They’re the most iconic creatures of the holiday season – and yes, they're a real thing.
Canada's only reindeer herd lives up in the Northwest Territories, just a stone’s throw from the North Pole.
And while our Prancers and Blitzens only spend one night a year pulling Kris Kringle’s sleigh, they’re magnificent creatures to behold anytime.
Visit Inuvik and operators can take you by snowmobile to meet the animals on the tundra.
Or, come during Muskrat Jamboree, when the reindeer cross our famous ice road and can be photographed from the comfort of a tour van.
Here's what you'll discover about Northwest Territories reindeer:
Domesticated reindeer have been herded in the Mackenzie Delta for more than 80 years. It all started back in 1935, when they were brought to the area from Alaska to help relieve a local shortage of caribou.
Now numbering 3,000 animals, they're the only free-ranging reindeer in Canada. They're jointly owned by the Inuvialuit of the Mackenzie Delta and by the local Binder family, desendents of the Scandinavian Sami who helped bring the herd to the Northwest Territories.
The hide of a reindeer is designed to trap air, providing them insulation in conditions to minus-60 Celsius and colder. That layer of air also makes them more buoyant – a big help when swimming wild rivers.
Reindeer hooves are multipurpose tools, perfectly adapted to polar survival. Firstly, they’re like snowshoes – big and broad, with toes that splay out so they float over the drifts. Second, they’re like chisels, ideal for pawing for food beneath the ice ( “caribou” is based on the French word for snow shoveller). Finally, they’re like paddles, allowing reindeer to swim easily.
At full throttle, a reindeer can run more than 70 kilometres per hour. Talk about dashing through the snow! They're not just sprinters – they’re endurance athletes too. Some of them wander more than 5,000 kilometres per year.
Reindeer are the only mammals that can see ultraviolet light. It’s thought this gives them an advantage seeing things in the blinding white landscape of the Arctic.

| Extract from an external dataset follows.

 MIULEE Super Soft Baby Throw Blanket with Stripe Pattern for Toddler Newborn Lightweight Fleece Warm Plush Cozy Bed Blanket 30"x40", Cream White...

Each spring, usually in early April, they are driven across the ice road north of Inuvik, making their way from their wintering grounds near Jimmy Lake toward their calving grounds on Richards Island near Tuktoyaktuk.
In recent years the crossing has become popular with local and visitors. It usually coincides with Inuvik’s popular Muskrat Jamboree. In 2016 at least 200 people – including filmmakers form Japan and Germany – gathered to watch the event, witnessing it from as close as 45 metres way.
Join them, and you'll learn the truth about Northwest Territories reindeer. They're magical and yet very real. And they'll warm your heart any season of the year.